* **WHAT YOU NEED TO DO**
Everything from the line with "Now, how can" down to the line with "Feel prepared for" below must be printed exactly, those two lines included. Exclude pictures.

* **TASK INPUT**
*****

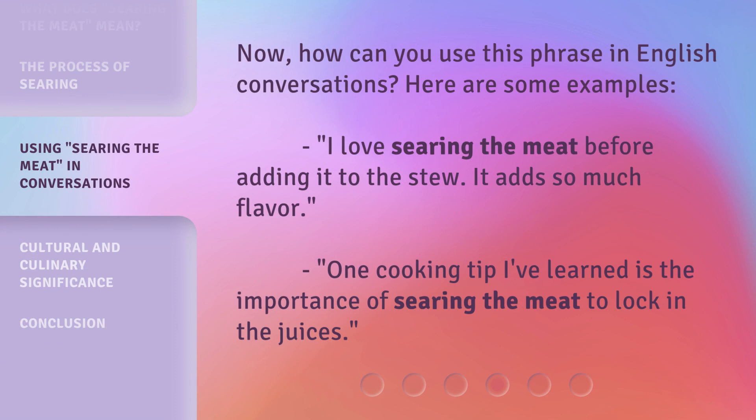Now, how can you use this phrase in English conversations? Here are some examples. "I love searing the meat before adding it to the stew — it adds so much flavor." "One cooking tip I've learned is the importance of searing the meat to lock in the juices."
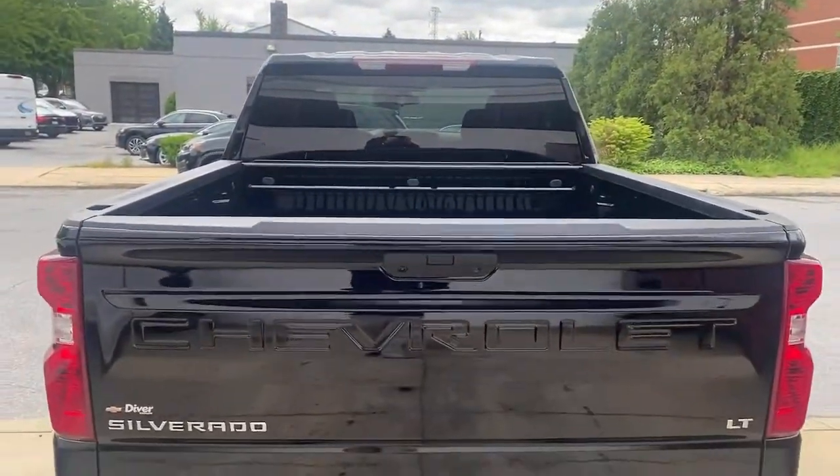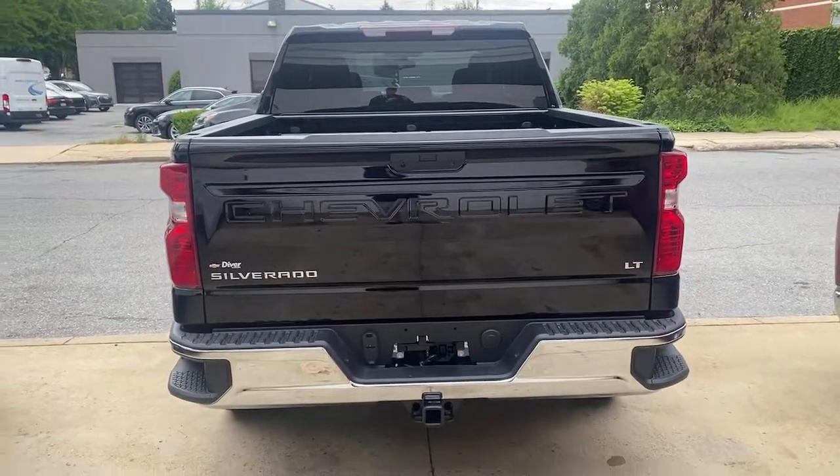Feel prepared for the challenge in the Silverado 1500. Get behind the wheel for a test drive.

*****

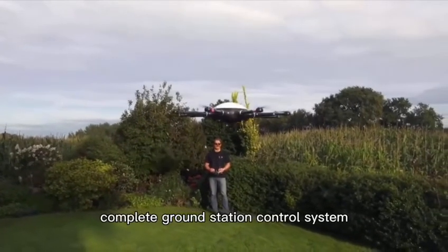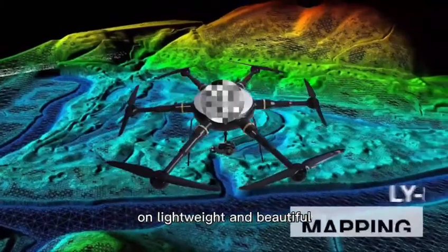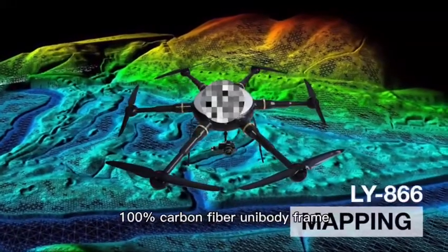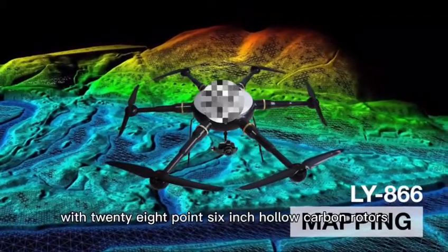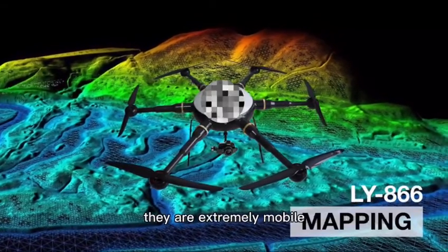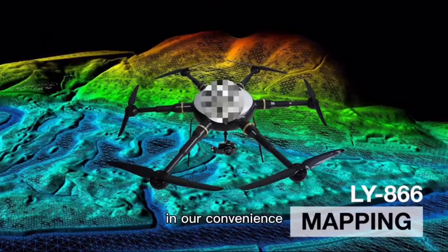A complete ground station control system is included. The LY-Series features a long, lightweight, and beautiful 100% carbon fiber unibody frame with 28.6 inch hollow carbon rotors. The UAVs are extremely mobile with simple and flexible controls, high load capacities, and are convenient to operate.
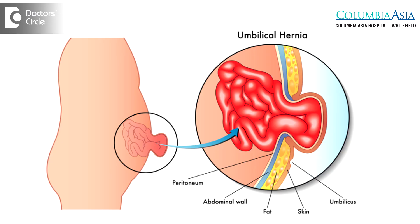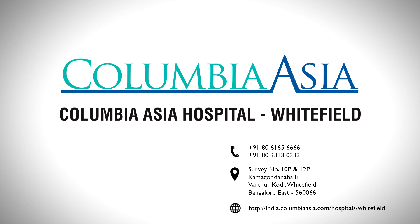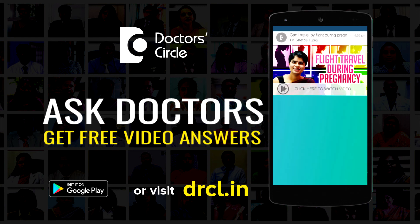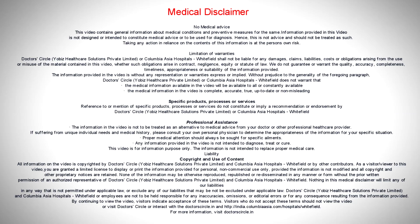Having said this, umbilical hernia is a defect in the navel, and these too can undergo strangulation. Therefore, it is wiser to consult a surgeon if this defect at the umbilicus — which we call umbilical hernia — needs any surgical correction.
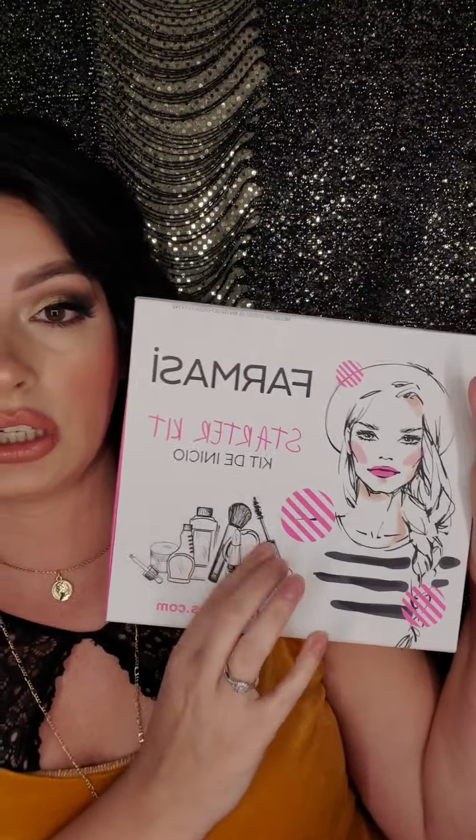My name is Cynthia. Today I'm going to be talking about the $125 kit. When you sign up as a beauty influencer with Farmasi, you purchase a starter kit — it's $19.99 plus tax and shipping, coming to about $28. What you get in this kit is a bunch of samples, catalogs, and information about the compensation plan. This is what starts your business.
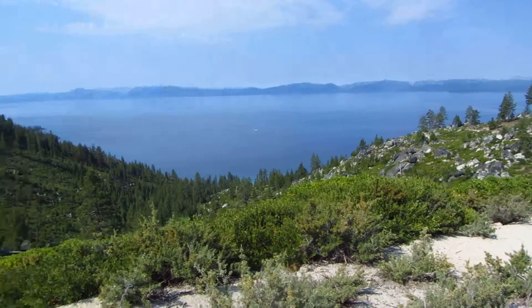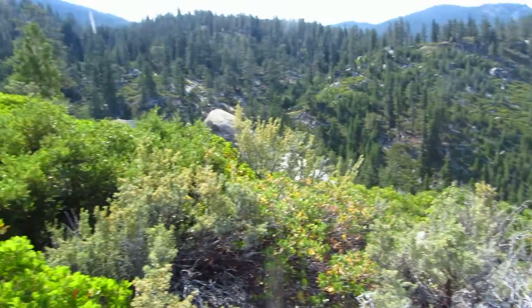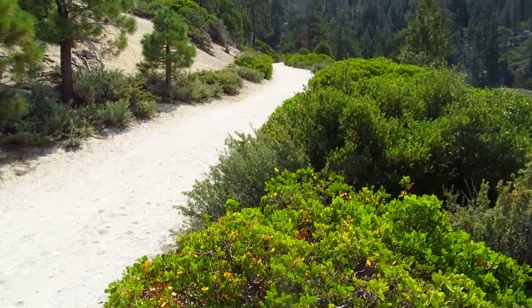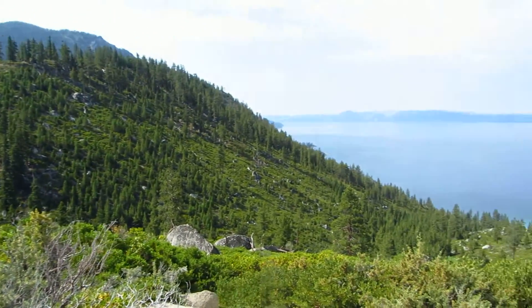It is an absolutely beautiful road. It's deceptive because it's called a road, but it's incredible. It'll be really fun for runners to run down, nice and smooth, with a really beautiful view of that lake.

*****

* **SOLUTION FOR THIS EXERCISE**
Now, how can you use this phrase in English conversations? Here are some examples. "I love searing the meat before adding it to the stew — it adds so much flavor." "One cooking tip I've learned is the importance of searing the meat to lock in the juices."
Feel prepared for the challenge in the Silverado 1500. Get behind the wheel for a test drive.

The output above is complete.